但眼下,她卻為了不相幹的人留在循環裏,這就不僅僅是一句簡單的“善良”了。

“江一冉,我代黃永信謝謝你。”周南城說這話時格外認真地看著她眼睛,語氣也很鄭重。

江一冉對他搖搖頭,“算了,謝就不用了。不管怎麽說,黃家二爺爺畢竟是為我們放風時被人襲擊的,我怎麽好意思不管他。”

周南城“嗯”了一聲,接口說,“不過,你一個人在這我不放心。萬一那夥人發現舍利是假的,回頭再來你一個人應付不了,你和我一塊回去。”

這個可能性的確很大。

江一冉不再反對,轉身走到放東西的大石頭邊,把兩件雨衣一塊拿出來,其中一件鋪在相對幹淨的草地上。

“周南城,那我們先把黃永信搬過來吧,一直躺在濕濕的地上,他的身體會受不了的。”

於是兩人又是一通忙活,既然不急著趕去“龍潭祭”,便又順便把黃永信身上濕濕的衣服褲子全都換下,最後再套上另一件雨衣,防止下雨把他淋濕了。

做完這些兩人互看了一眼,各自背上背包往橋上走。

“萬壽橋”上路燈通明。

長長的石橋上站在六名黑衣人,擋在他們麵前,他們所有人都戴著黑色的口罩,站在最前麵的黑衣人身材最為魁梧,朝他們伸出一隻手。

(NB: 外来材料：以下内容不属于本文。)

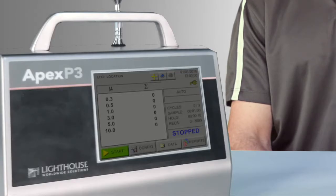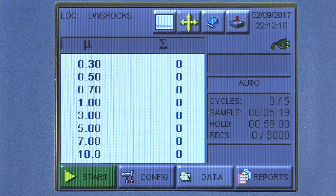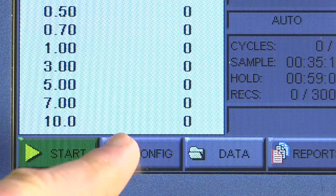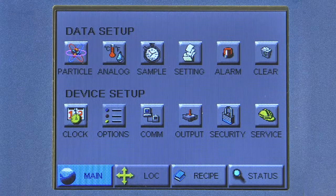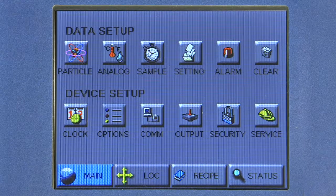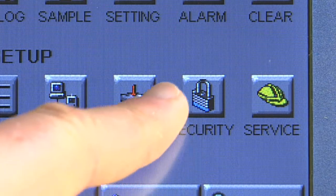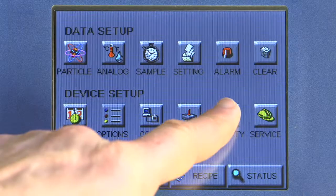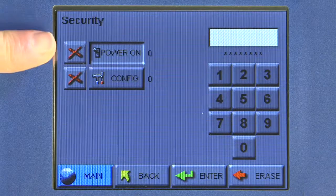Let's get started. Step one, we want to go into the configuration menu. I'll hit the configuration button and then we're going to go into the password menu, which is shown here. In the security section you can see the padlock — let's hit this button.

“拿來。”他的聲音聽上去還算年輕,感覺在三十歲左右,隻是略有些沙啞。

“沒有。”

江一冉裝作不明白地白了他一眼。

你誰阿你,憑什麽你要就得給。

那人對她點點頭,毫不含糊地往後一偏腦袋,後麵的五名黑衣人就要衝過來。

又來這招!

江一冉當即解下身後的背包,往跑在最前麵的黑衣人身上丟過去。

那黑衣人眼見背包朝他飛來,腳下稍稍減速,以手臂擋開,在背包落地的同時繼續往前衝。

然而就是在這稍稍落後的一瞬間,江一冉已從牛仔褲口袋裏抽出皮彈弓。

對準衝上來的黑衣人嘴巴就是一顆石頭射出去,黑衣人沒料到她手裏會有彈弓,眼見勁風襲來,他急忙偏過腦袋讓開。

但還不待他回頭,又是一道勁風朝他掃來,江一冉的腳尖已踢到他的鼻尖,“砰”一聲悶響,將他踢狠狠到在地。

偷襲成功!

黑衣人捂著自已的鼻子躺在地上半天起不來。

但她連高興的時間都沒有,另一個黑衣人很快就候補了上來。人來得很快,她無法再用彈弓,隻能和他拳腳招呼上。

自6歲那年遭遇綁架後,媽媽就特地為她尋了一位從不收徒弟的老師傅,和靳東南一塊跟著他學練太極拳。

太極拳其實是很能實戰的武術,它的發力是中華武術裏最強、最完美的發力方式,隻是平常很少有人能見到而已。

是以她與黑衣人才過了幾個回合,那黑衣人便看出了門道,竟對她“咦”了一聲。